Like with last year's game, the focus of Tournament of Champions is its career mode. You begin by creating a character, as you do in most poker games. This process is pretty by-the-numbers. There are a decent number of facial and clothing customizations to choose from, and they aren't all crazy and over-the-top like some poker games tend to get with their created players. The basic progression of events in the career mode is simple. You start out at a home game against a few generic guys, but lo and behold, your dealer for the night is Chris "Jesus" Ferguson. It seems Mr. Jesus has lost some kind of bet and is now at your home game, scouting for talent to take to the WSOP Tournament of Champions. Whether you win or lose this game, Jesus takes you under his wing and sets you on the path to poker riches. There are four casinos with four events each for the preliminary rounds, and then there's the final round at the Rio in Las Vegas. You try to earn points in the various preliminary tournaments to move from one to the next.
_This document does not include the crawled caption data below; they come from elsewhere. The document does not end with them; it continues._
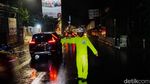 Hujan Deras, Lalu Lintas di Kawasan Wisata Lembang Lengang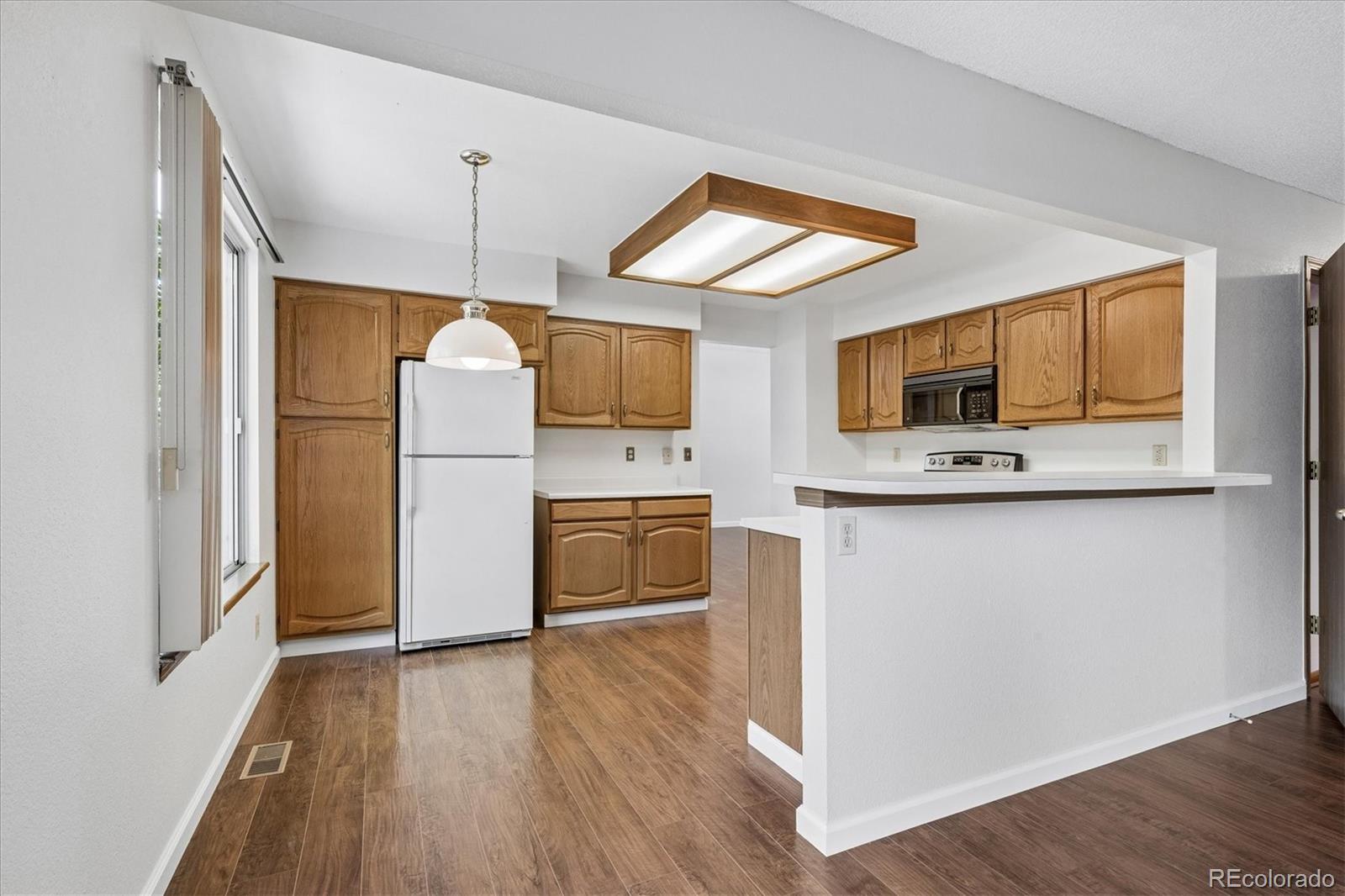 MLS Image #10 for 471 w jamison place,littleton, Colorado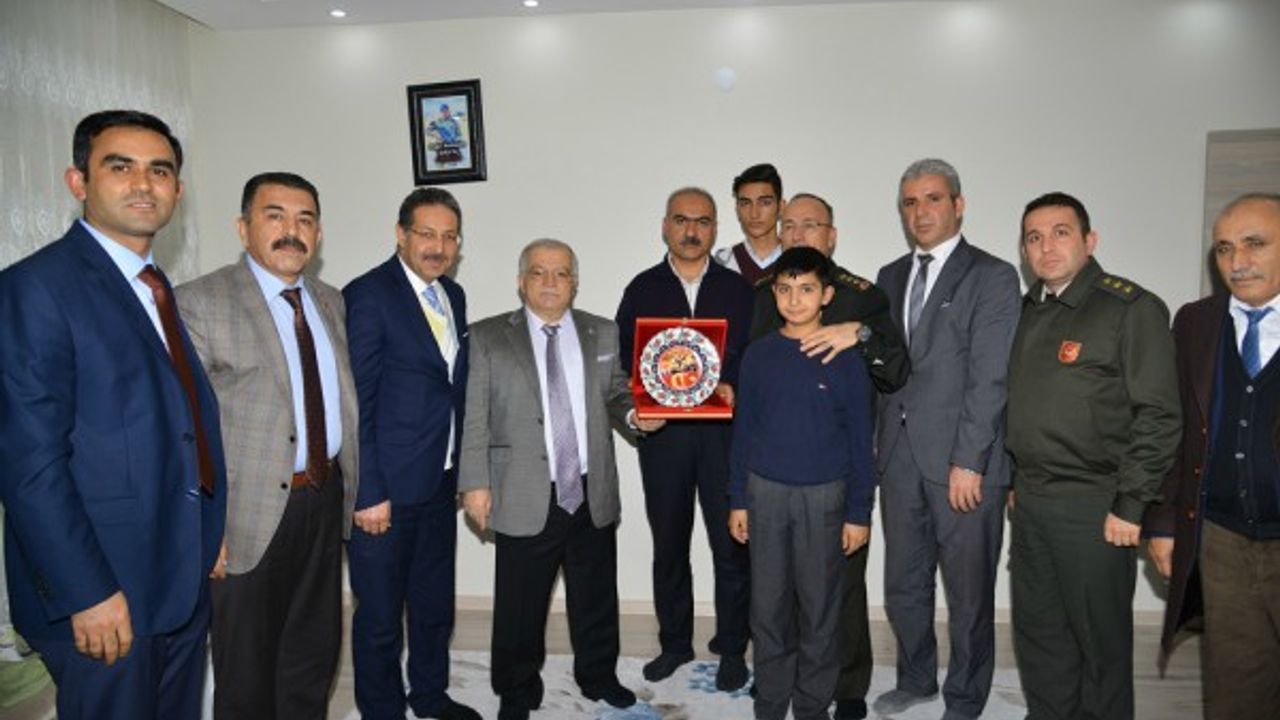 Vali Şentürk, Kayseri'deki hain saldırıda şehit olan askerlerin ailelerini ziyaret etti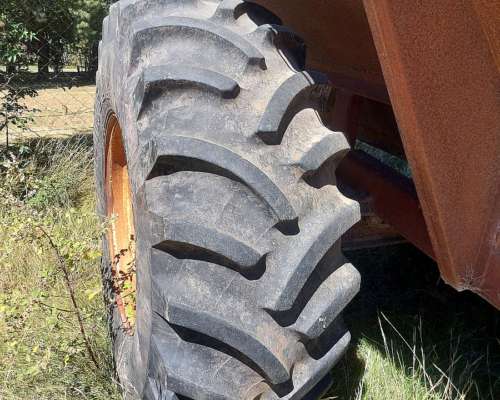 Tolva Autodescargable Ombu 14 TN Balanza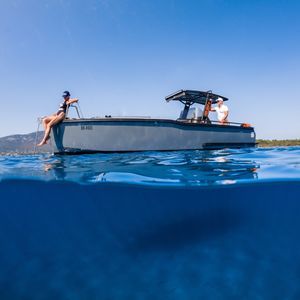 Diesel-Konsolenboot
Wins give you more points and cash, but you can earn points just by placing in the final table rankings at each tournament.
Along the way, you'll encounter a variety of pro players, including Scotty Nguyen, Men Nguyen, Antonio Esfandiari, Phil Laak, Jennifer Tilly (yes, the Jennifer Tilly), TJ Cloutier, Kristy Gazes, Clonie Gowen, Andrew Black, and, of course, last year's champion, Joe Hachem. Each of these pros provides some at-the-table dialogue, though it doesn't consist of more than a few token barbs during and after a hand, as well as a few generic "check" and "I raise" statements.
The pros also don't play much like their real-life counterparts. Joe Hachem may say, "Pass the sugar, baby!" from time to time, but you don't get the same flair from his actual play. All the AI opponents play functionally the same. You'll notice that some AI players play fewer hands than others, but that's about the only difference. On the surface, the player AI is reasonably intelligent, if rather robotic. However, there are some issues with overaggressive betting, especially before the flop. It's rare to see a table's worth of players fold around completely to a raise before the flop. You'll see a bunch of reraises, even if the other players don't have anything better than a king-eight off-suit. Table position doesn't seem to play into this. Once the flop comes, it's easier to bully players out by raising heavily, but if an AI player makes a hand of any kind, he or she won't quit unless you try to put the player all-in.
Tournament of Champions isn't a good poker teaching tool in the way that, for instance, Stacked was. The game's load screens do occasionally toss you some decent nuggets of info that might be useful to new players, but in-game, the tips that scroll across the screen are beyond obtuse. "Poker is a game of position," says Chris Ferguson. Gee, thanks, Jesus! However, one thing the game does offer that might be useful for non-video-game poker play is a tool that unlocks once you've played a decent number of hands. By pressing a button, you can bring up a menu that shows you a wealth of statistical data, such as what your pot odds are, based on the number of people already in the hand; the odds of making a specific type of hand, based on what you have versus what's on the board; which cards are your outs; and the percentage of hands you have played in and raised prior to the flop. For those who find the more mathematical aspects of poker dizzying, this handy little tool gives you a better idea of where you stand. It won't win hands for you, but it might keep you from losing a few.